[Short text fragments from websites]

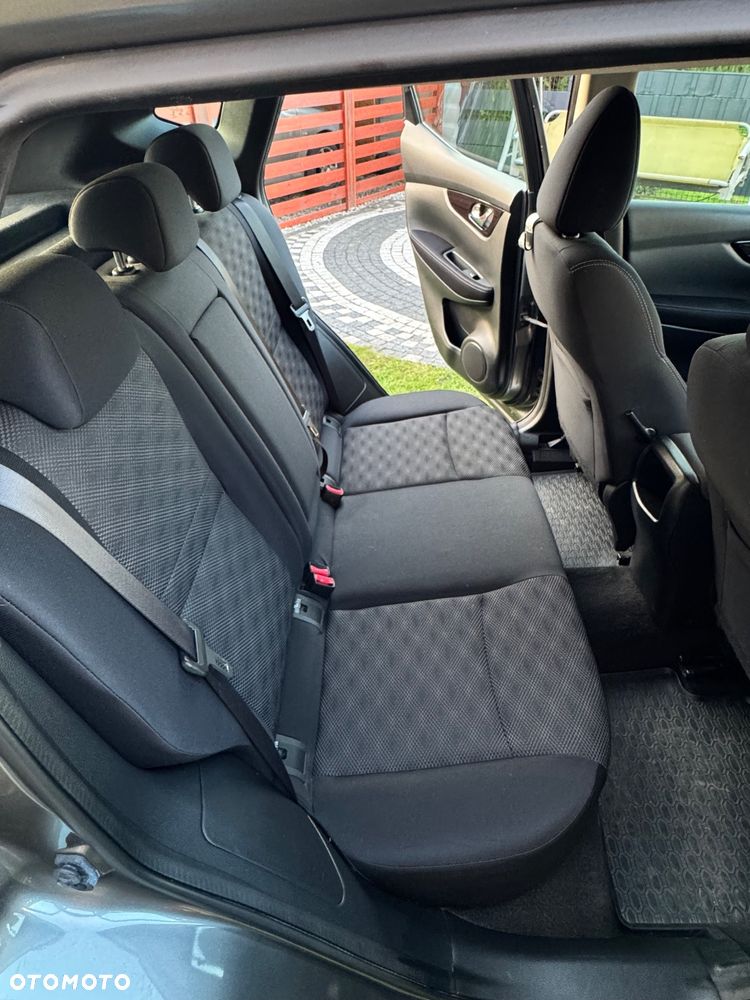 Nissan Qashqai 1.2 DIG-T N-Tec - 16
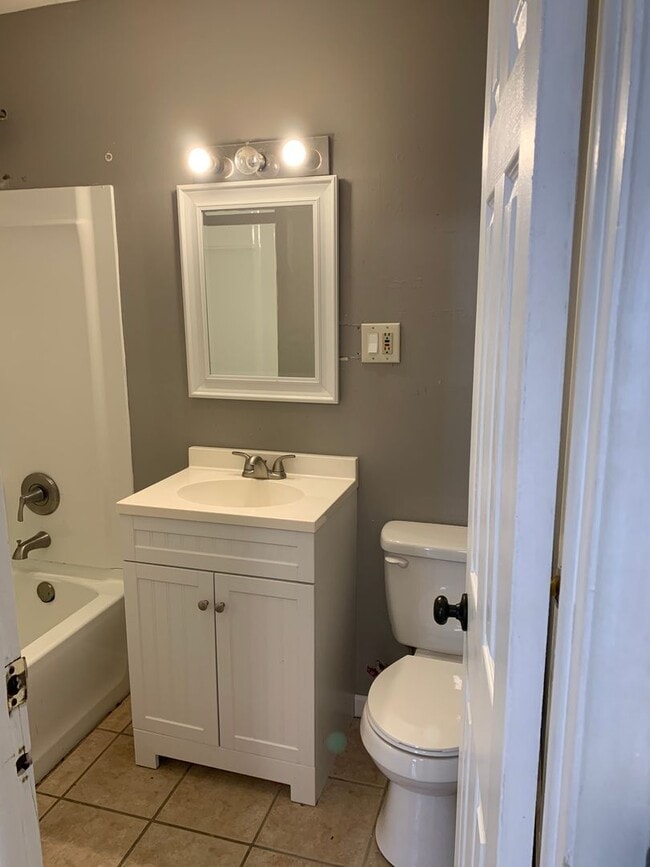 Building Photo - 1810 Fairlane- 2 Units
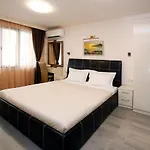 Deluxe 2 Center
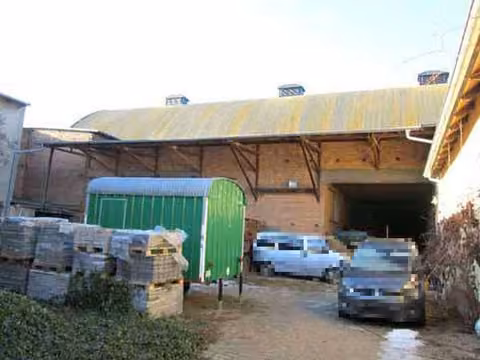 Zwangsversteigerung Landwirtschaft in Goseck, Markröhlitz – Hofscheune Nr. 3 mit markantem Zollingerdach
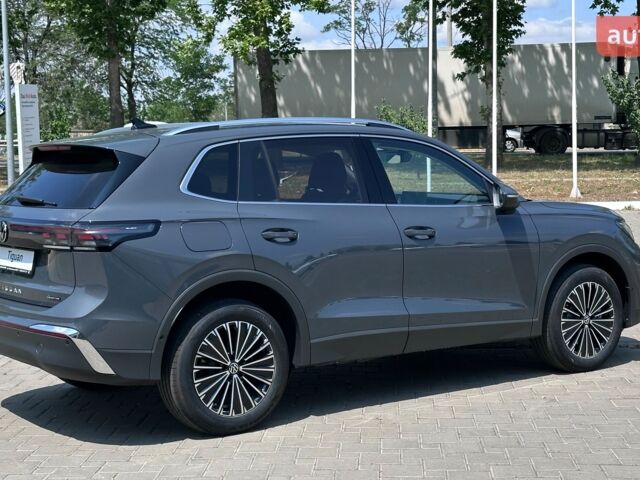 Фольксваген Тигуан, объемом двигателя 1.97 л и пробегом 0 тыс. км за 49923 $, фото 7 на Automoto.ua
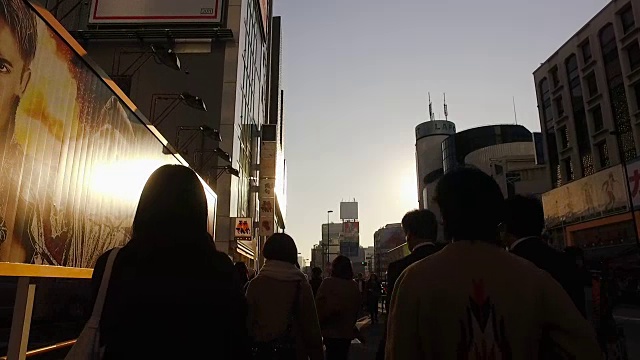 POV，步行原宿到东京涉谷。视频素材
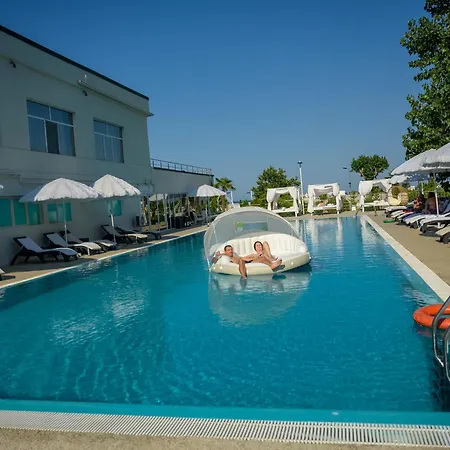 Hotel Queen Vera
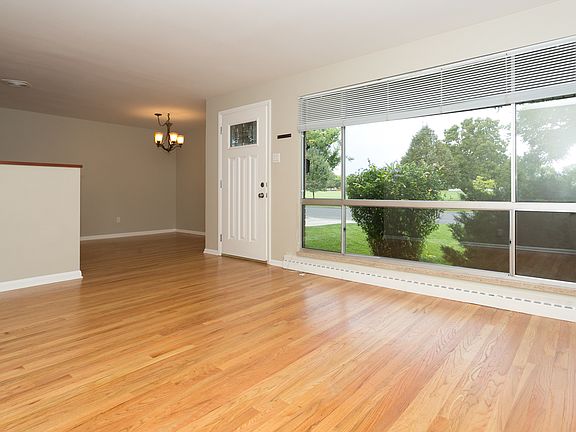 3rd image of 1230 S Lowell Blvd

Work required
A word-for-word copy of the entries is needed, with no pictures in it.

Exercise response
 Nissan Qashqai 1.2 DIG-T N-Tec - 16
 Building Photo - 1810 Fairlane- 2 Units
 Deluxe 2 Center
 Zwangsversteigerung Landwirtschaft in Goseck, Markröhlitz – Hofscheune Nr. 3 mit markantem Zollingerdach
 Фольксваген Тигуан, объемом двигателя 1.97 л и пробегом 0 тыс. км за 49923 $, фото 7 на Automoto.ua
 POV，步行原宿到东京涉谷。视频素材
 Hotel Queen Vera
 3rd image of 1230 S Lowell Blvd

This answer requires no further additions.